HCMV reactivation has also been studied in patients with sepsis or other critical illnesses without predisposing immunocompromised conditions. HCMV often reactivates in critically ill patients and is correlated with increased mortality and morbidity (that is, longer hospital stays and frequent or longer mechanical ventilation).6, 7, 8, 9, 10, 11, 12, 13, 14, 15 HCMV reactivation is thought to be caused by excessive inflammatory cytokine release, epigenetic alterations of viral DNA and immune suppression.16, 17, 18, 19 HCMV reactivation has been suggested to indicate critical illness-induced immunosuppression, which worsens the clinical outcomes by itself.11 In addition, it has been suggested that HCMV could play important pathological roles in the clinical course of patients with critical illness by lung injury,20 enhanced responsiveness of antigen-presenting cells21 and increased activity of T cells and NK cells.22, 23, 24 However, the mechanism by which HCMV reactivation is associated with increased morbidity and mortality in patients with sepsis or other critical illness is unknown. To address this issue, T-cell immunity needs to be examined in critically ill patients with or without HCMV reactivation.

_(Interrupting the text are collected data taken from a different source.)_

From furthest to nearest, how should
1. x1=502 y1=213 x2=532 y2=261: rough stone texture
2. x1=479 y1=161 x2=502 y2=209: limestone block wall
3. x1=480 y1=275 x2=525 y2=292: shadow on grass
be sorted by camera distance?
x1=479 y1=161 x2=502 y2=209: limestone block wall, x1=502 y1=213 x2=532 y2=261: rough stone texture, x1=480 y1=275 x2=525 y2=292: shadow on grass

In immunocompromised patients, T-cell immunity is crucial for the control of HCMV.25, 26 However, the role of T-cell immunity in the control of HCMV among critically ill patients without predisposing immunocompromised conditions has not been clearly elucidated. In septic shock patients with HCMV reactivation, the HCMV-specific CD4+ T-cell response has been shown to be maintained or somewhat increased.23 Other studies have also shown that the HCMV-specific T-cell response is preserved despite HCMV reactivation in critically ill patients,22 although the absence of initial T-cell immunity against HCMV seemed to be correlated with later HCMV reactivation.27, 28 However, these studies examined HCMV-specific T-cell responses by simply measuring IFN-γ production without studying additional details.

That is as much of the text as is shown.